» **Required work**:
Pictures stay out of this copy; please retype only the lines from the start of the records through the line with "Casa à venda".
==== Extracted material
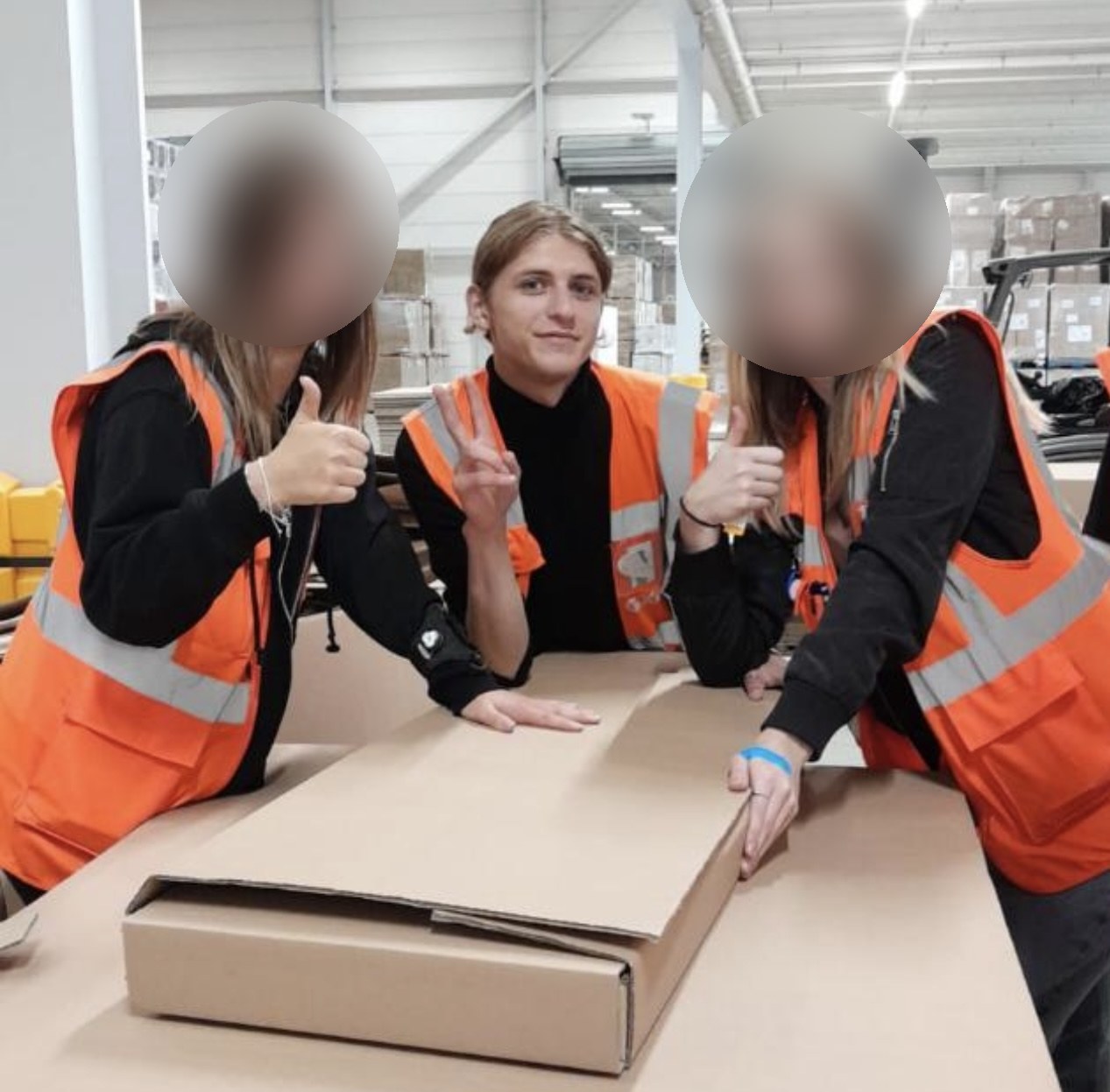 Oleksandr Natiahlyi während seiner Zeit in den Niederlanden; Gesichter anderer Personen sind unkenntlich gemacht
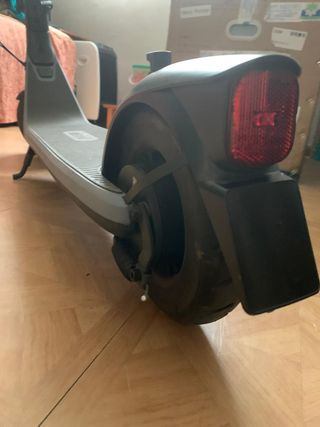 Ninebot Patinete Eléctrico
Corre a 20 km 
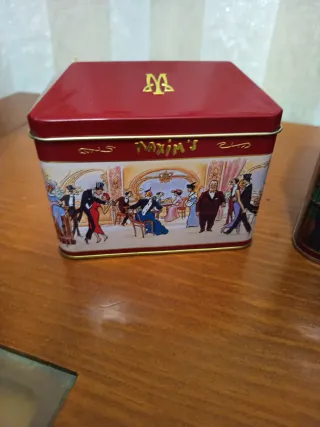 2 Scatole in Latta Maxim's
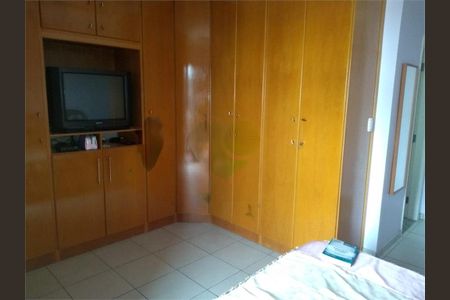 Casa à venda com 3 quartos, 156m² em Parque Sao Luis, São Paulo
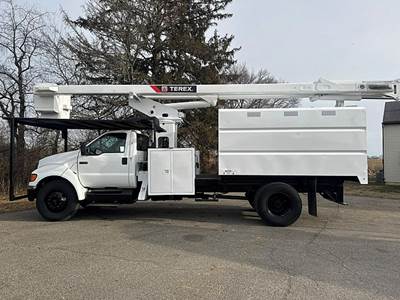2010 Ford F-750 Boom / Bucket Truck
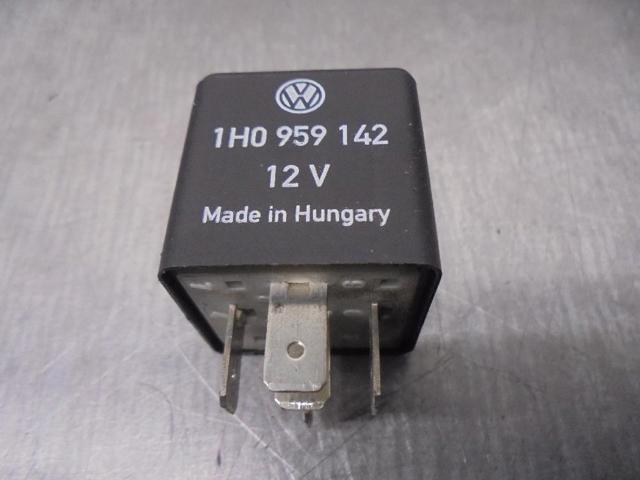 VAG 1H0959142 Лобовое стекло в наличии Черкассы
========
» **Exercise response**:
 Oleksandr Natiahlyi während seiner Zeit in den Niederlanden; Gesichter anderer Personen sind unkenntlich gemacht
 Ninebot Patinete Eléctrico
Corre a 20 km 
 2 Scatole in Latta Maxim's
 Casa à venda com 3 quartos, 156m² em Parque Sao Luis, São Paulo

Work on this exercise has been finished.